In a video embedded in this post on Werner Vogels’ blog, Joshua Baer of OtherInbox talks with Vogels (the CTO of Amazon.com) about how OtherInbox has been able to use Amazon Web Services(AWS) in imaginative ways to stave off the day when they’ll have to figure out how to run their database on more than one box.
This video was shot (I recognize the room) right after the excellent “Scaling Rails Applications in the Cloud” talk that OtherInbox co-founder and chief hacker Mike Subelsky gave at SxSW interactive. I was at the talk and can attest that it was very informative about the virtues and advantages of AWS (though it didn’t really focus all that much on Rails per se). One of the most interesting things (mentioned in the Josh Baer video) about their scaling strategy is that they were able to take the most data-intensive pieces of their DB and push them into Amazon S3 as files, taking that load off the database. OtherInbox provides email services, so the biggest pieces of data are the bodies of the email messages themselves. Baer points out that the business logic of making a web-based email client like this dictates that you have several copies of each message: the original one (with all the headers, ASCII entities, etc), an HTML version, and a text version. So three files per message, each of which needs to be accessed in different ways. You can imagine that that would be a hell of a lot of reads and writes to the same DB table if you were housing all of that data in an RDBMS. The idea of simply pushing those messages into the Amazon storage cloud as files seems like a pretty elegant solution. The DB still gets hit for the pointers to those messages, but the amount of data you’re moving in and out of the DB becomes drastically reduced.
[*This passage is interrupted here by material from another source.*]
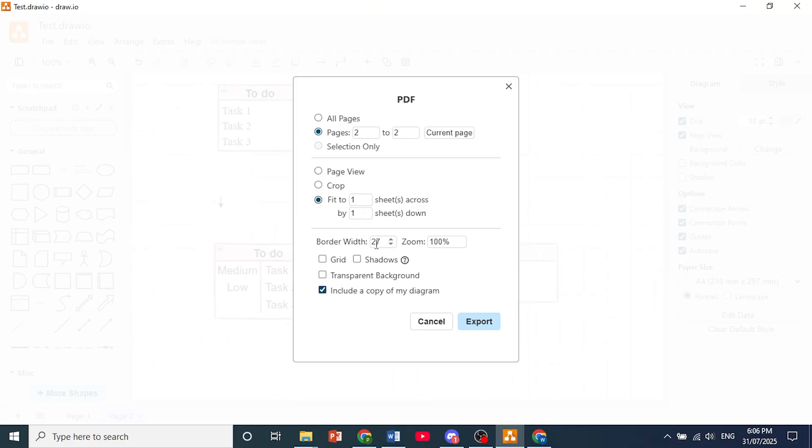Choose your border width if you want that and zoom as well. If you want grids or shadows you can toggle those. If you want transparent background as well.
Conceptually, this reminds me of some of the new, object-and-document-oriented DB-ish things that are coming along, like CouchDB, or Amazon’s own SimpleDB. The idea being that if you have something that can be stored as a set of key/value pairs, you simply jam those pairs into an object DB that doesn’t really care about their structure beyond that. To retrieve them, you run map/reduce-style queries on the dataset and rely on other pieces of your architecture to do the more refined sorting/processing that you might normally let Oracle or MySQL or whatever handle. Or else you just use that map/reduce query to get your list of pointers from SimpleDB, as the InfoWorld article points out:
SimpleDBis meant to be used with Amazon’s Simple Storage Service (S3), because each of the values in the pairs is limited to 1,024 bytes. That’s enough for many strings, but it’s not enough for many content engines. So you store a pointer to the data in S3.
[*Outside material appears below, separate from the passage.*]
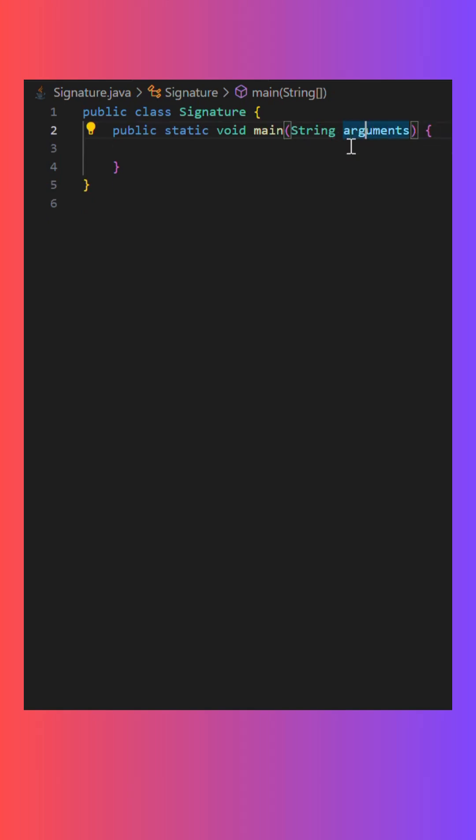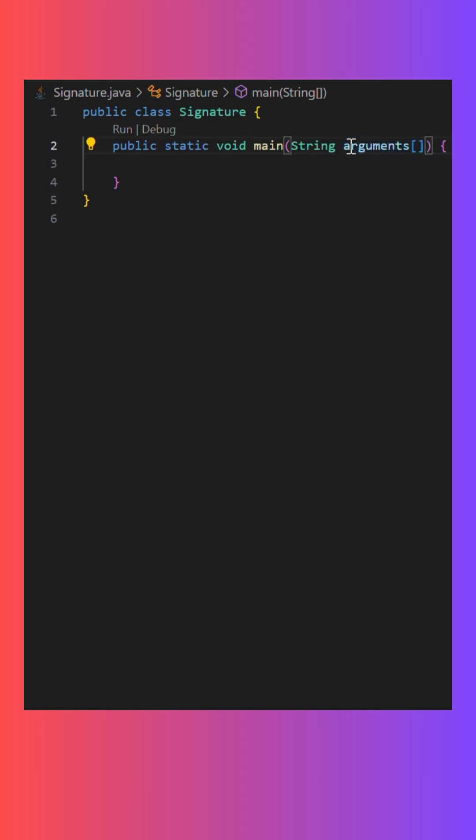And the second change which we can make, we can replace the place of this braces from here to here as the sequence of arguments passed will not affect the string array.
So it seems this is basically what OtherInbox is doing, only it sounded from the talk like they were using Rails’ Active Record with their own DB server located in the cloud instead of using SimpleDB/S3 straight-up. The general approach is the same though, and it strikes me as a very interesting way to solve a lot of problems that people encounter in scaling web applications. One of the best takeaways I had from SxSW 2008’s scaling talk was when the chief engineer of Digg.com said something like “look, you’re always going to have one or two tables that constitute the vast bulk of your DB load. None of the others will even come close.” Which of course is true, but of small consolation if those one or two problem child tables force you to go to some kind of complex DB sharding or replication strategy early on. If OtherInbox becomes popular enough, they’ll have to do that too – Subelsky admitted that much in his talk. But structuring the data the way that they have, taking advantage of the leverage provided by the cloud, means they can concentrate on other things for a good long while.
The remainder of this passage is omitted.